Avec son programme « Assistants de langues dans les universités à l’étranger », le DAAD finance actuellement plus de 150 assistants de langues dans 80 pays à travers le monde.

Lucie Weismüller est assistante de langue du DAAD à la Tunis Business School depuis septembre 2020, où elle enseigne l’allemand parallèlement avec ses études.

Lucie Weismüller, assistante de langue du DAAD
Université d’origine : Université d’Erfurt
Département : Relations internationales
Université d’accueil : Tunis Business School
Intérêts particuliers : la langue et la culture arabes

Mme Weismüller, pouvez-vous nous décrire votre quotidien universitaire ? Qu’est-ce qui vous a surpris positivement ainsi que négativement ? Et quels sont les défis particuliers de votre enseignement face à la pandémie ?

Je travaille comme assistante de langue à la Tunis Business School (TBS) depuis septembre. La TBS n’existe que depuis 2010 et c’est la seule faculté étatique en Tunisie qui enseigne en langue anglaise. La TBS propose principalement des diplômes de commerce et les cours d’allemand, que je donne, sont des cours optionnels pour les étudiants.
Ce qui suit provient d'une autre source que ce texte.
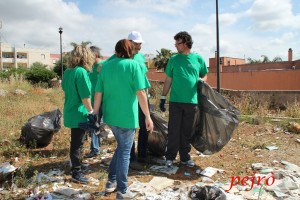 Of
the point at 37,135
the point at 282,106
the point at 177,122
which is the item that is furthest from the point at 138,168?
the point at 282,106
La vie quotidienne à l’université n’est pas très différente de celle en Allemagne : les étudiants suivent des cours et des séminaires et ont également la possibilité de s’impliquer dans des clubs universitaires. J’enseigne trois cours par semaine, deux pour les étudiants et un pour le personnel universitaire et les professeurs. Dans les trois groupes, j’ai été très surprise de la motivation, de l’engagement et de l’intérêt des participants pour l’Allemagne et la langue allemande, et de la qualité de l’équipement technique de l’université.

Cependant, j’ai le sentiment que les étudiants sont moins indépendants qu’en Allemagne et que la structure du cours est très orientée aux examens et qu’on apprend beaucoup par cœur. Les groupes des cours de langue pour débutants sont également très nombreux et deux de ceux-ci ressemblent plus à un séminaire qu’à un cours de langue au sens classique.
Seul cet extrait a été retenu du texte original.